‘Die hemelse bediening van het lichaam van Christus, dat is een van
de minst bekende waarheden van Paulus.’
Dat mag je wel zeggen ja. Velen willen er niet aan, als gevolg van een prediking
waarin het zicht op deze dingen ontbreekt. Zoals gisteren opgemerkt, werd men
al snel van Paulus afgekeerd door invloed van de tegenstander die zich voordoet
als een boodschapper van het licht en door zijn dienaren, die zich voordoen als
dienaren van gerechtigheid. Het is een geestelijke strijd, waarin de boodschap
die niet voor deze tijd geldt, voorrang kreeg boven het evangelie dat Paulus als
apostel van de natiën verkondigde.
‘De boodschap van de zuivere genade van God raakte ondergesneeuwd door het
mooi klinkende ‘evangelie’ van werken en wetsbetrachting.’
Precies. De mens eigenlijk subtiel weer centraal. Als je vandaag de dag veel
prediking analyseert, komt het uiteindelijk aan op wat de mens moet doen.
Jij moet het doen en dan komt God je helpen. Maar dat is geen genade.
Dat is eigen gerechtigheid.
De boodschap van Paulus, die van het kruis en de opstanding, predikt een echt,
waar evangelie. Genade. Het is juist voor de mensen, die zichzelf niet kunnen
helpen!
God helpt degenen die zichzelf niet kunnen helpen. Dat stoot de trots van de
mens van de troon.

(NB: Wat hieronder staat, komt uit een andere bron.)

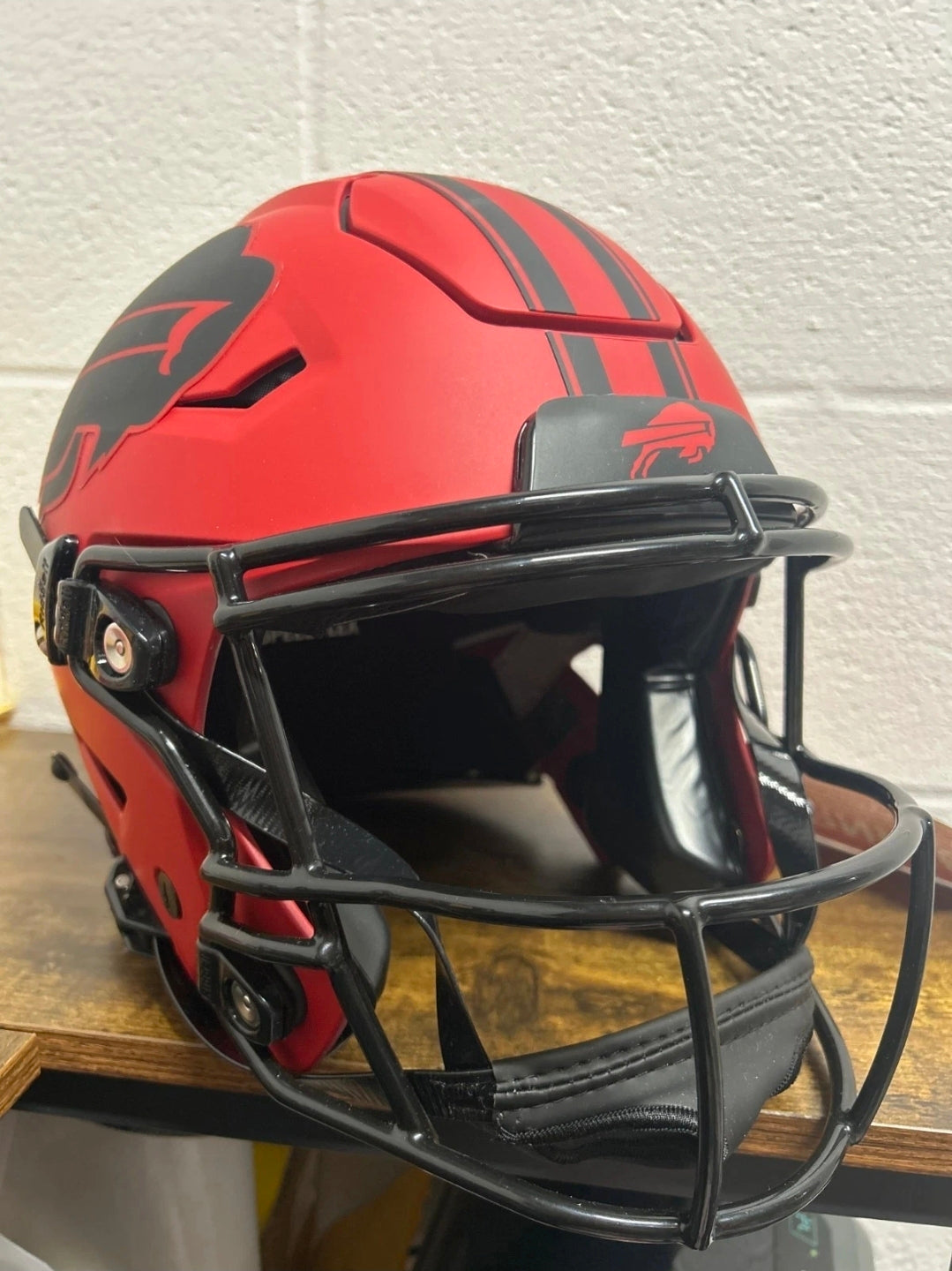 Josh Allen Speedflex Auto AUTHENTIC Rave Bills Full Size Helmet Beckett COA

Je staat met lege handen. Maar God vult ze met Zijn rijke
geschenken van verzoening, vrede.
‘Tsja, dat is wel geweldig he. Het is zo, dat er dan een last van je schouders wordt
afgenomen. Gelukkig! Het hangt niet van mij, maar van Hem af!’
Heerlijk, dat paulinische evangelie! Laten we die boodschap in ons hart
koesteren, God ervoor danken, en de boodschap doorgeven! Het is geen populair
evangelie. Paulus werd erom verguisd. Te gemakkelijk.
Niet langer onder de Thora leven, maar in de vrijheid van Gods genade!
Sta dan vast in de vrijheid waarmee Christus ons vrijgemaakt heeft, en laat u
niet weer met een juk van slavernij belasten.
Want u bent tot vrijheid geroepen, broeders, alleen niet tot die vrijheid die
aanleiding geeft aan het vlees; maar dien elkaar door de liefde.